But I”m not so pompous as to claim that “boys like, boys like, boys like me” (although it is often true). No, this is something different. I pay attention to the “types” of the boys I care about.
I came to the conclusions several years ago, that people have two types. The type that turns their head and the type they actually wind up with and the two are not the same. Ask anyone you’re close to what they go for. It doesn’t matter if it’s a male or a female, they’ll give you a description of a type. Compare that to the people they actually date, though, and you’ll often find that they are not the same.

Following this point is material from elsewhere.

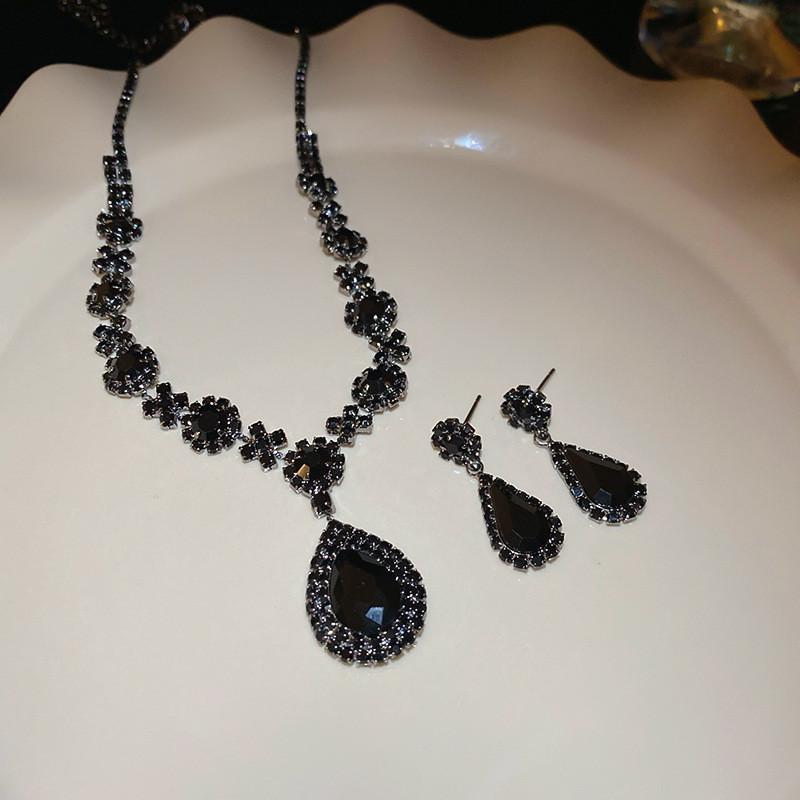 

Вінтажний набір сережок і намиста з квітами з кристалів - Елегантні висококласні прикраси в придворному стилі для жінок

I have this problem. My “type” is tall, dark and skinny. He’ll turn my head when he walks past me. I’ll fantasize about him as I fall asleep. His name may change, depending on who I know at the moment, but his look is always the same. But he’s not the guy I date. The guy I date tends to be shorter than me, or within an inch of my 5’7 (okay, okay, 5’6-and-a-half). He may be dark, he may be light, but he tends to be stocky without any pudge. He’s often jaw-droppingly handsome and people say “How could you not want to stay/be with him, he’s gorgeous!” when it ends. But he’s not the guy who catches my eye.
Men have the same situation, but I know what boys like. Even when my guy friends delude themselves into thinking that they know what they want, I can always tell what they go for vs. what they wind up with. Any one of my boys, I can tell you their type or why this girlfriend will or won’t last. I, honestly do, know what boys want.
They may scoff, but if I list out what my boys want in a group of boys, all the non-targets will nod and smile at each of my assessments, then scowl as I read them forward and back when they become my target. I can tell which girlfriend is likely to last, which will break a heart and which we’ll be happy to see the back end of. I can tell all these things within a 15 minute conversation, but I keep it to myself, because after 15 minutes, he might be in love, but he won’t believe that I can read her… no, THEM, like a book. I’ll hold my judgment for a few weeks or months, depending on how serious it seems, then I’ll tell the rest what I honestly think. I won’t tell him, and I won’t tell her, but I’ll temper my relationship with the girl, depending on how long I think she’ll be around.
and, here’s the thing, I’ll be right about how long she’ll be around and how badly he’ll be hurt when it ends. And I’ll know when the girl is marriage material. Few will believe me, but I’ll know it to be true.
The trick is, figuring out how to stop knowing what boys like and how to find what I am looking for. Yeah… that’s the real problem.